4:20pm-5:00pm (40m) Data: Roulette
Neo4j Spatial - Geo Data for the Rest of Us
Peter Neubauer (Neo Technology)
Location-based services are hot, but geographic datasets are complex. But this shouldn’t put you off writing awesome location-aware services. This talk will show how to create spatial models and query the Open Street Map dataset together with social data using the Neo4j graph database.
9:00am-9:05am (5m)
Welcome
Sarah Novotny (NGINX) et al
Opening remarks by the OSCON Data program chairs, Sarah Novotny and Bradford Stephens.
9:05am-9:20am (15m) Keynote
Databases for Agile Development
Dwight Merriman (10gen)
Much has been made of scalability as a driver for choosing a database, but the choice of a database influences much more than the scaling architecture. Different database choices drive different data models which in turn influence the development process.
9:20am-9:40am (20m) Keynote
Adrian Cockcroft
Adrian Cockcroft (Battery)
Keynote by Adrian Cockcroft, Cloud Architect, Netflix.

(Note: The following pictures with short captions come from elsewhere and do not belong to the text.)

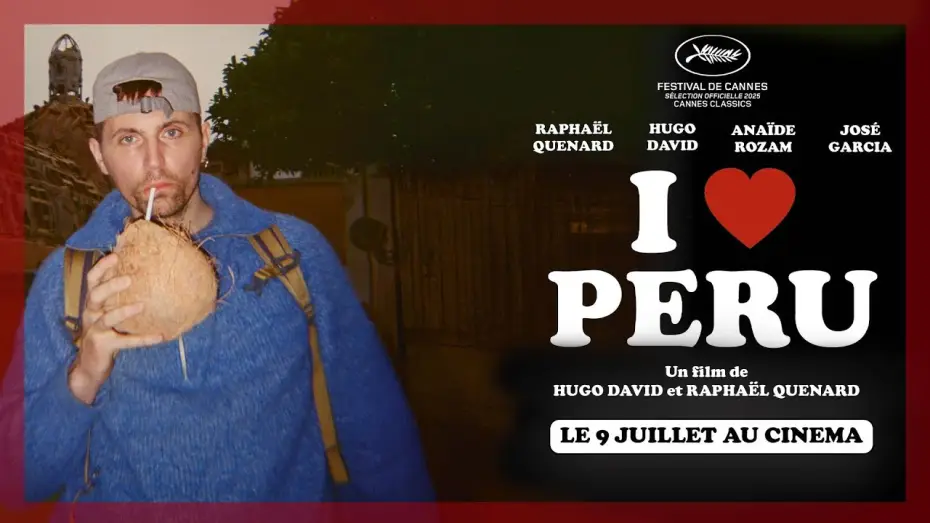 Відео до фільму I Love Peru | I ❤️ PERU, le 9 juillet au cin&eacute;ma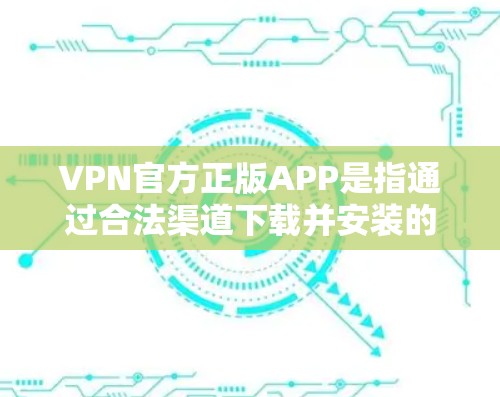 VPN官方正版APP是指通过合法渠道下载并安装的VPN软件，这些软件通常具有官方认证和用户评价，确保其安全性和稳定性。以下是如何获取或下载VPN的官方正版APP的建议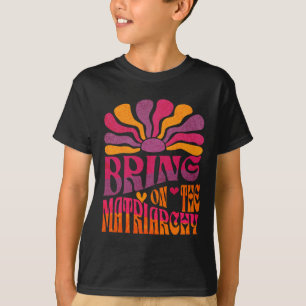 T-shirt Mets Sur Le Fou Féministe Rétro De La Matriarchie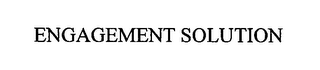 ENGAGEMENT SOLUTION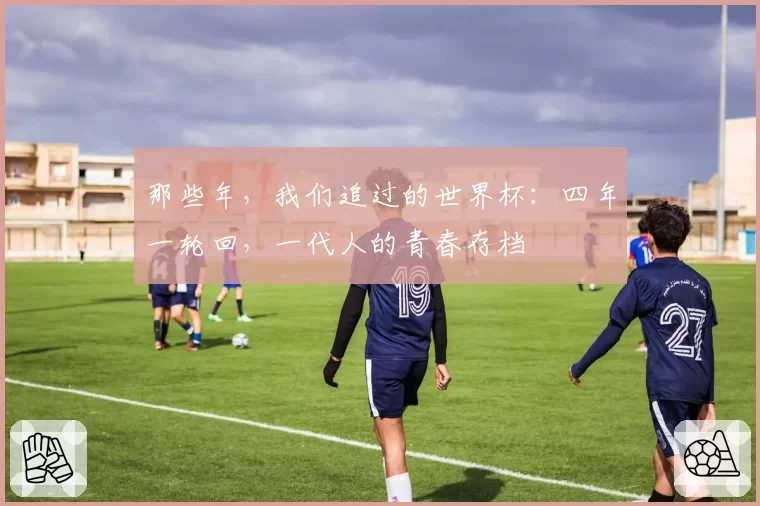那些年,我们追过的世界杯:四年一轮回,一代人的青春存档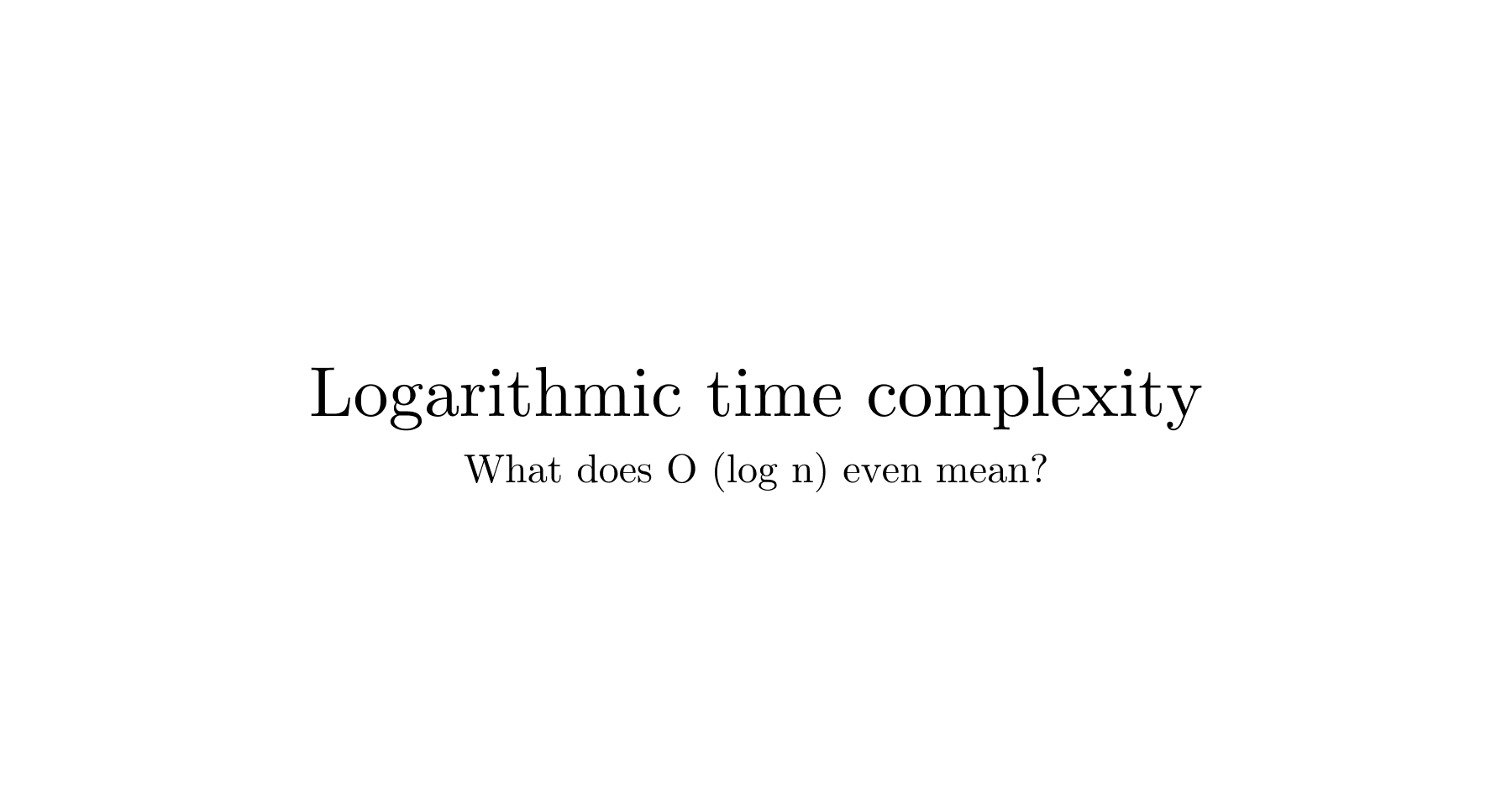 What is logarithms in time complexity means?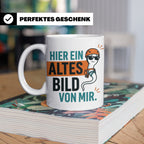 Kletterer Tasse mit Spruch Altes Bild von mir, Lustiges Sper – Weiß [farbe:weiß]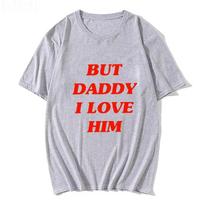 Unisex Tshirt But Daddy I Love Him Slogan Graphic Tee Crew Neck Short Sleeve Retro Text Print Humor Quote Casual Street Top XL white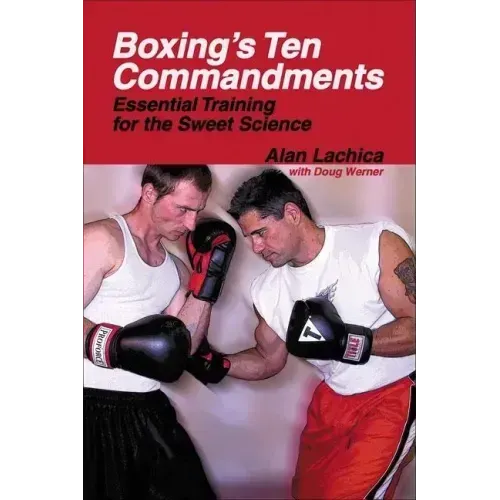 Boxing's Ten Commandments: Essential Training for the Sweet Science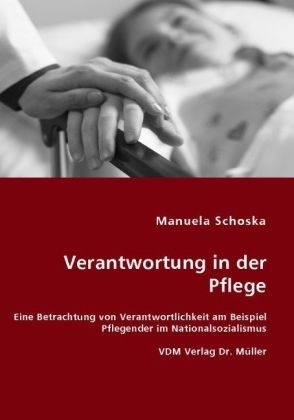 Verantwortung in der Pflege - Manuela Schoska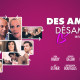 DES AMOURS, DÉSAMOUR (2017) de Dominic Bachy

9:40am-10:00am (20m) Keynote
Living In A Relational World
Brian Aker (HP)
We love data, and today we generate data in astronomical amounts. When we hit save on a document, snap a photo, or fill out a form online, we want to know that this data will persist, and we want to know that we can share, access, or reference it in the future. For any meaningful use, we need to how data relates to other data.
10:00am-10:10am (10m) Keynote
OSCON Data Innovation Award
The first OSCON Data Innovation Award winner will be announced.
10:10am-10:40am (30m)
Break: Morning Break
12:10pm-1:30pm (1h 20m)
Break: Lunch - Sponsored by Alfresco
3:00pm-3:30pm (30m)
Break: Afternoon Break
8:00pm-10:00pm (2h) Event
Puppet Labs Party
Join Puppet Labs and SwellPath Interactive at their headquarters in the Pearl District. The party is free, as in free beer, food and fun. Two floors, two open bars, and more. Take the Green or Yellow line (free transit) west to Union Station and walk 2 blocks west to 411 NW Park Ave.
5:00pm-6:00pm (1h) Event
Opening Reception (sponsored by 10Gen)
Grab a drink and kick off the 13th edition of OSCON by meeting and mingling with exhibitors and fellow attendees.
6:00pm-8:00pm (2h) Event
OSCON Carnival
Step right up and join us at the O'Reilly OSCON Carnival. There will be games, clowns, sumo wrestling, log rolling, tattoos, and lots more. There's free food, free wine, and free beer. You’ve never seen a carnival like this. Trust us.